You are viewing a plain text version of this content. The canonical link for it is here.

Posted to dev@hama.apache.org by "Edward J. Yoon" <ed...@apache.org> on 2012/12/07 02:27:57 UTC

Task Priorities

Hello all,

I think large data processing capability is more important than fault
tolerance at the moment.

Here's my few thoughts.

1. We have to fix partitioning issue (most related with graph).

2. According to my experiences, Avro RPC implementation is unstable
and requires huge resources.  I'd like to just remove if nobody
maintain this implementation.

Additionally, we should focus more on memory efficiency and fast
parallel algorithms, not disk-based.

-- 
Best Regards, Edward J. Yoon
@eddieyoon

Re: Task Priorities

Posted by "Edward J. Yoon" <ed...@apache.org>.

P.S., Additionally, we should focus more on memory efficiency and fast
parallel algorithms, not disk-based.

What I was meaning is, parallel algorithms (examples).

On Sat, Dec 8, 2012 at 9:26 PM, Edward J. Yoon <ed...@apache.org> wrote:
> 'GraphJobRunner' BSP program already showed why disk-queue is
> important. The user always could be faced with memory issues.
>
> But, I'm talking about our task's priority. High performance computers
> and its parts are cheap and getting cheaper. And, I'm sure the
> message-passing and In-memory technologies are receiving attention as
> a near-future trend.
>
> In my case, the memory is 40GB per node. I want to confirm whether
> Hama is good candidate (ASAP).
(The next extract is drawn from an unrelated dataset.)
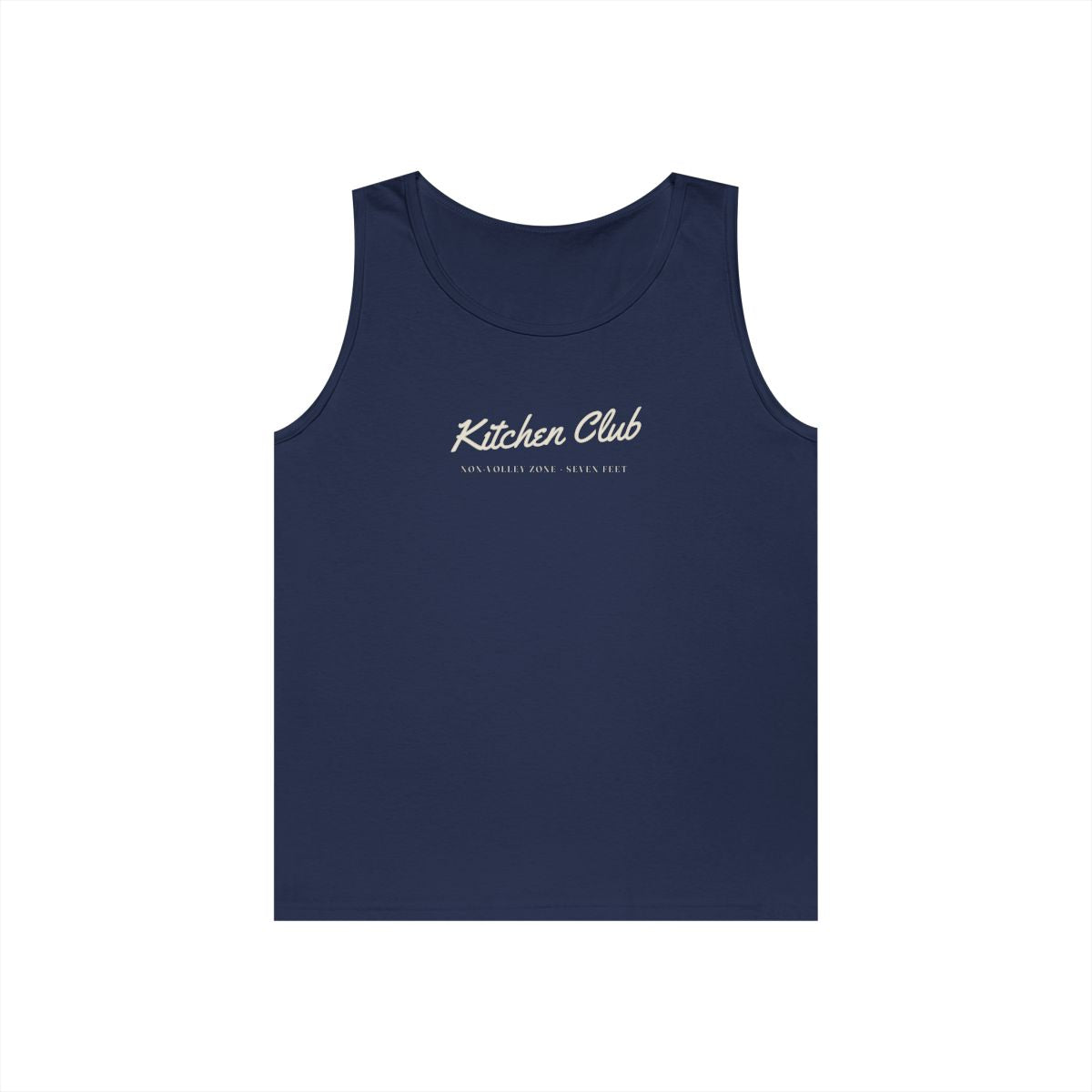 Kitchen Club Script Tank in Navy, front view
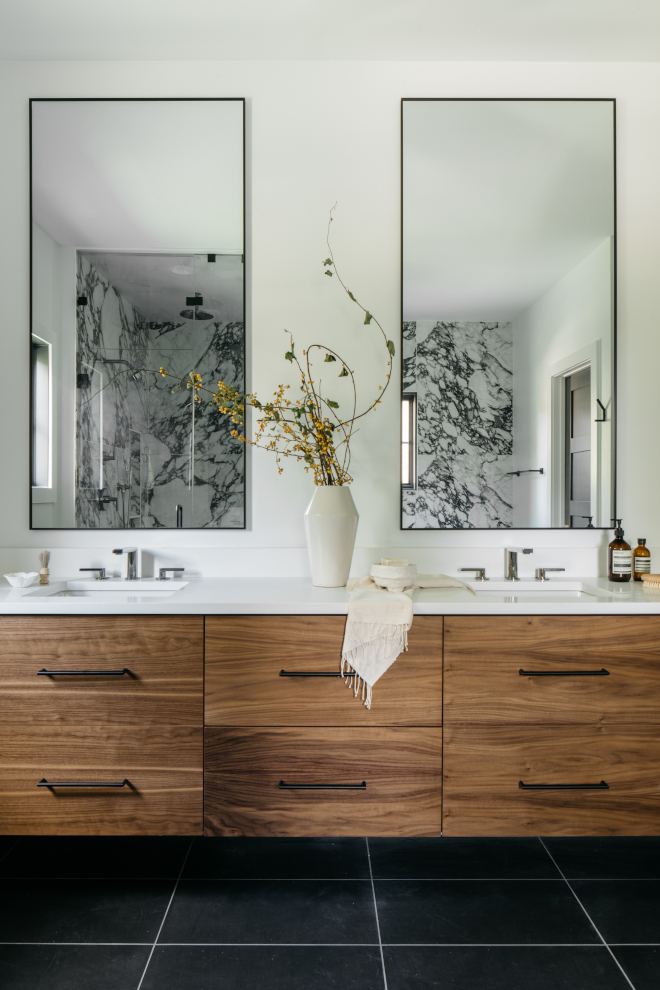 Floating Bathroom Cabinet Custom Walnut Floating Vanity with Clear Coat Floating Bathroom Cabinet Custom Walnut Floating Vanity with Clear Coat #FloatingBathroomCabinet #Customcabinet #Walnut #FloatingVanity #ClearCoat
Hama can't processing large data but
> Hama team is currently working on YARN, FT, and Disk-queue.
>
> On Sat, Dec 8, 2012 at 6:28 PM, Thomas Jungblut
> <th...@gmail.com> wrote:
>> Yes that's nothing new, my rule of thumb is 10x the input size.
>> Which is bad, but the scalability must be done on multiple levels.
>> Spilling the graph to disk is just one part, because it consumes at least
>> the half of the memory for really sparse graphs.
>> The other is messaging, removing the bundling and the compression will not
>> save you much space.
>> We are writing messages to disk in fault tolerance anyways, so why not
>> directly writing it and then bundle/compress stuff on the fly while sending
>> (e.g. in 32m chunks)?
>>
>> 2012/12/8 Edward J. Yoon <ed...@apache.org>
>>
>>> Task is created per input split, and input splits are created one per
>>> block of each input file by default. If block size is 60~200 MB, 1 ~
>>> 3GB memory per task is enough.
>>>
>>> Yeah, there's still a queueing/messaging scalability issue as you
>>> know. However, according to my experiences, message bundler and
>>> compressor are mainly responsible for poor scalability and consumes
>>> huge memory. This is more urgent than "queue".
>>>
>>> On Sat, Dec 8, 2012 at 2:05 AM, Thomas Jungblut
>>> <th...@gmail.com> wrote:
>>> >>
>>> >>  not disk-based.
>>> >
>>> >
>>> > So how do you want to archieve scalability without that?
>>> > In order to process tasks independend of each other (not in parallel, but
>>> > e.g. in small mini batches), you have to save the state. RAM is limited
>>> and
>>> > can't store huge states (persistent in case of crashes).
>>> >
>>> > 2012/12/7 Suraj Menon <su...@apache.org>
>>> >
>>> >> On Thu, Dec 6, 2012 at 8:27 PM, Edward J. Yoon <edwardyoon@apache.org
>>> >> >wrote:
>>> >>
>>> >> > I think large data processing capability is more important than fault
>>> >> > tolerance at the moment.
>>> >> >
>>> >>
>>> >> +1
>>> >>
>>>
>>>
>>>
>>> --
>>> Best Regards, Edward J. Yoon
>>> @eddieyoon
>>>
>
>
>
> --
> Best Regards, Edward J. Yoon
> @eddieyoon



-- 
Best Regards, Edward J. Yoon
@eddieyoon

Re: Task Priorities

Posted by "Edward J. Yoon" <ed...@apache.org>.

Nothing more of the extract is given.